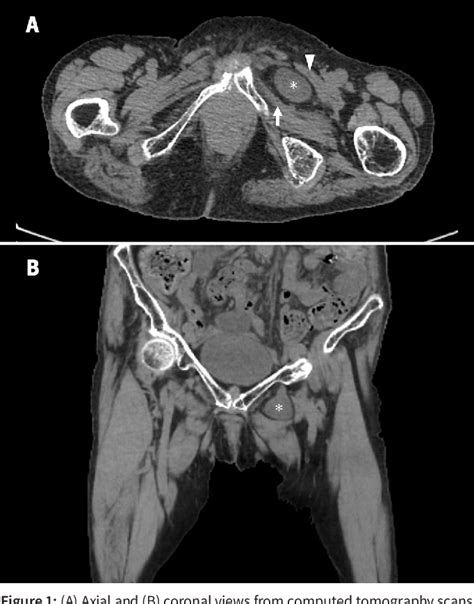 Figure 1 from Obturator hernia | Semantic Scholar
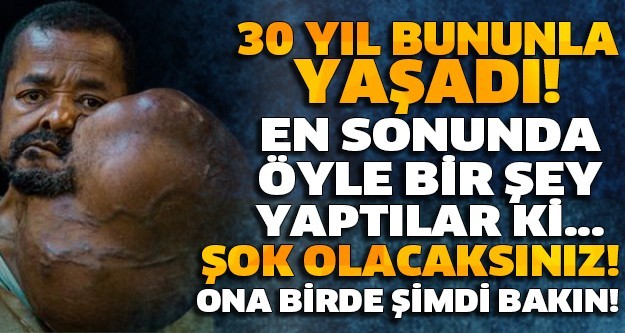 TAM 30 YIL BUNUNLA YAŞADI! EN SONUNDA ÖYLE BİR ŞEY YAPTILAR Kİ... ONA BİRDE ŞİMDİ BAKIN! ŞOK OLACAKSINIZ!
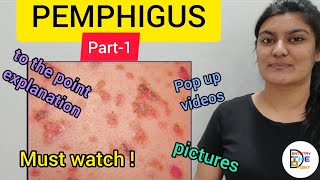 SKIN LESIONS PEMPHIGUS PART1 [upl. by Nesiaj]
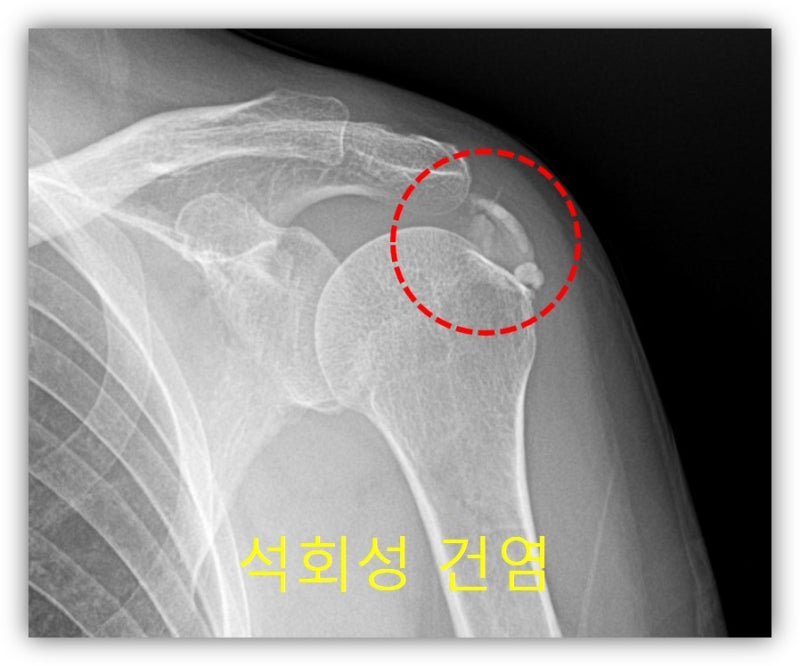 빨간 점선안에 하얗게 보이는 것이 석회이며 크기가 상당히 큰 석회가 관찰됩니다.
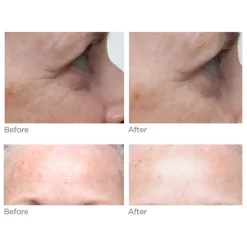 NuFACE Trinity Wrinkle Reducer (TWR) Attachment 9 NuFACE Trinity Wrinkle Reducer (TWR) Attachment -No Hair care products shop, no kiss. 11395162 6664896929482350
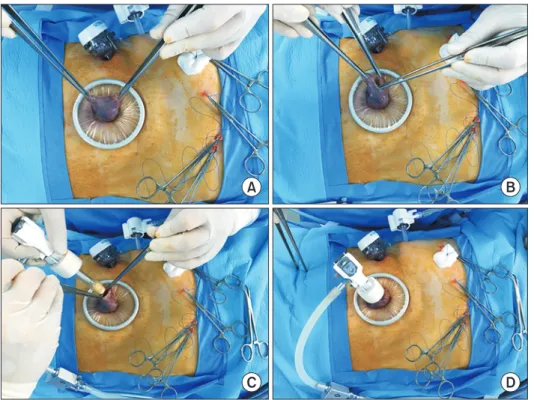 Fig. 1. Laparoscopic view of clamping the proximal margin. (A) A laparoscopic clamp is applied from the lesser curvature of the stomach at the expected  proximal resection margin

WORK TASK: Up to and including the line that contains "NuFACE Trinity Wrinkle Reducer (TWR) Attachment 9", print the records above exactly from their first line, without any pictures.

TASK OUTPUT:
 Figure 1 from Obturator hernia | Semantic Scholar
 TAM 30 YIL BUNUNLA YAŞADI! EN SONUNDA ÖYLE BİR ŞEY YAPTILAR Kİ... ONA BİRDE ŞİMDİ BAKIN! ŞOK OLACAKSINIZ!
 SKIN LESIONS PEMPHIGUS PART1 [upl. by Nesiaj]
 빨간 점선안에 하얗게 보이는 것이 석회이며 크기가 상당히 큰 석회가 관찰됩니다.
 NuFACE Trinity Wrinkle Reducer (TWR) Attachment 9 NuFACE Trinity Wrinkle Reducer (TWR) Attachment -No Hair care products shop, no kiss. 11395162 6664896929482350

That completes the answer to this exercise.